Dataset excerpt:
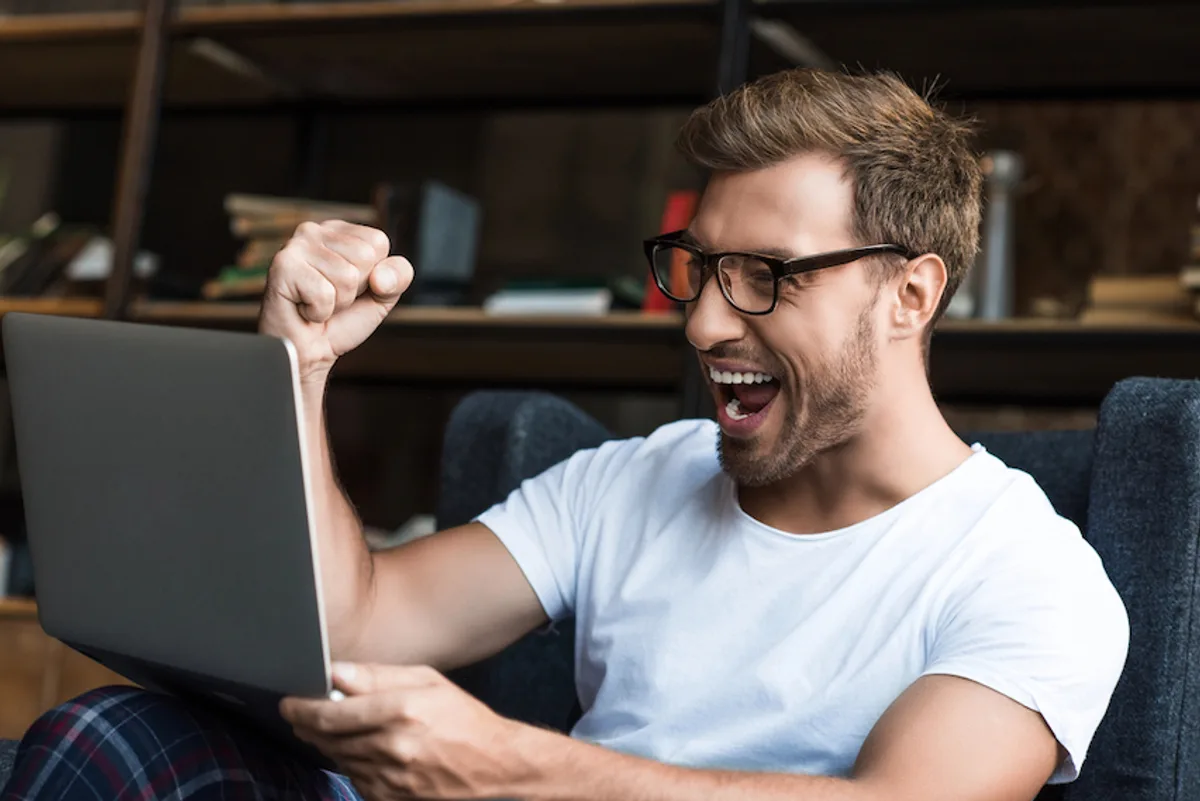 Young entrepreneur excitedly viewing successful email campaign results on his laptop, celebrating customer engagement.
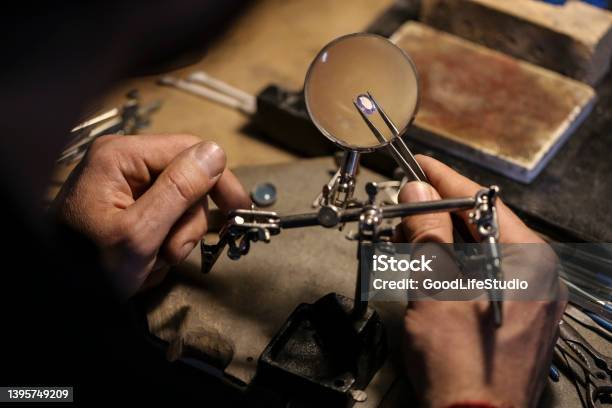 Jeweller Examining A Gemstone Stock Photo - Download Image Now - Jewelry, Quality Control, Gemstone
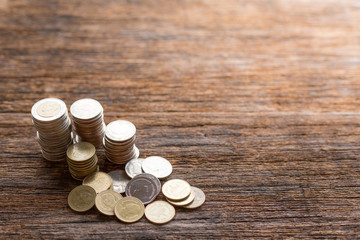 Stack of Thai coins on wood background and copy space  with warm light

About this exercise:
Skipping any images, write out all the data exactly.

Finished task:
 Young entrepreneur excitedly viewing successful email campaign results on his laptop, celebrating customer engagement.
 Jeweller Examining A Gemstone Stock Photo - Download Image Now - Jewelry, Quality Control, Gemstone
 Stack of Thai coins on wood background and copy space  with warm light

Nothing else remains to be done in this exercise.